> WORK REQUIRED: Repeat the lines below exactly as written, please, from the line with "So, what are" to the line with "I also got Feed", both lines included, and no others.
---- SUPPLIED RECORDS
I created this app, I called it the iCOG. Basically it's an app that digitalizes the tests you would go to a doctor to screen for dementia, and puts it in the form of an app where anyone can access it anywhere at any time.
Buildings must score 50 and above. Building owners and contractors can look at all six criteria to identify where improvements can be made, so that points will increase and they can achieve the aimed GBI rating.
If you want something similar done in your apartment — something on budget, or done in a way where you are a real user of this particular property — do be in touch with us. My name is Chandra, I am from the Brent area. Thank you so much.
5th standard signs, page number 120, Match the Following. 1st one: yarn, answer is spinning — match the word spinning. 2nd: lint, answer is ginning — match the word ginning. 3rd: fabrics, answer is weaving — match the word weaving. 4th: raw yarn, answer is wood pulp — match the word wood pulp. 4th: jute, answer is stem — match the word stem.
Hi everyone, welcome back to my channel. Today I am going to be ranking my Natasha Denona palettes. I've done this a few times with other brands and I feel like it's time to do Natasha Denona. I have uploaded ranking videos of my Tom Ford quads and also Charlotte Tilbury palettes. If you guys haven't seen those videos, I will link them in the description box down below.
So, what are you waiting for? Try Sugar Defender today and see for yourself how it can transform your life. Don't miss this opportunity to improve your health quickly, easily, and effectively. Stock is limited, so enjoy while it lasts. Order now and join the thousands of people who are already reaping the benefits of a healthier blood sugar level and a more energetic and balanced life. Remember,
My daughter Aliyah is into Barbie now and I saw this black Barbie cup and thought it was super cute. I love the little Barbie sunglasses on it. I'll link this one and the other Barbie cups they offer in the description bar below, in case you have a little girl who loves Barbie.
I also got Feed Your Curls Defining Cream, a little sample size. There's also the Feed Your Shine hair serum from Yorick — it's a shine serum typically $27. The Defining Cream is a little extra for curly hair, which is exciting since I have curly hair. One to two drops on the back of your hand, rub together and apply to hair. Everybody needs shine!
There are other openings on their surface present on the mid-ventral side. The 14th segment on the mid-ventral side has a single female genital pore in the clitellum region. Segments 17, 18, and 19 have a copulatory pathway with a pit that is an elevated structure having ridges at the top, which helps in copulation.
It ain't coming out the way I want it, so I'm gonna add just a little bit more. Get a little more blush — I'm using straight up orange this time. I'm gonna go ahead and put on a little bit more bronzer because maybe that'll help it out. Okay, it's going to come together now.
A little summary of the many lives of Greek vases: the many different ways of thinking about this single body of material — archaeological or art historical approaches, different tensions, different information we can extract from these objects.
--------
> TASK RESULT:
So, what are you waiting for? Try Sugar Defender today and see for yourself how it can transform your life. Don't miss this opportunity to improve your health quickly, easily, and effectively. Stock is limited, so enjoy while it lasts. Order now and join the thousands of people who are already reaping the benefits of a healthier blood sugar level and a more energetic and balanced life. Remember,
My daughter Aliyah is into Barbie now and I saw this black Barbie cup and thought it was super cute. I love the little Barbie sunglasses on it. I'll link this one and the other Barbie cups they offer in the description bar below, in case you have a little girl who loves Barbie.
I also got Feed Your Curls Defining Cream, a little sample size. There's also the Feed Your Shine hair serum from Yorick — it's a shine serum typically $27. The Defining Cream is a little extra for curly hair, which is exciting since I have curly hair. One to two drops on the back of your hand, rub together and apply to hair. Everybody needs shine!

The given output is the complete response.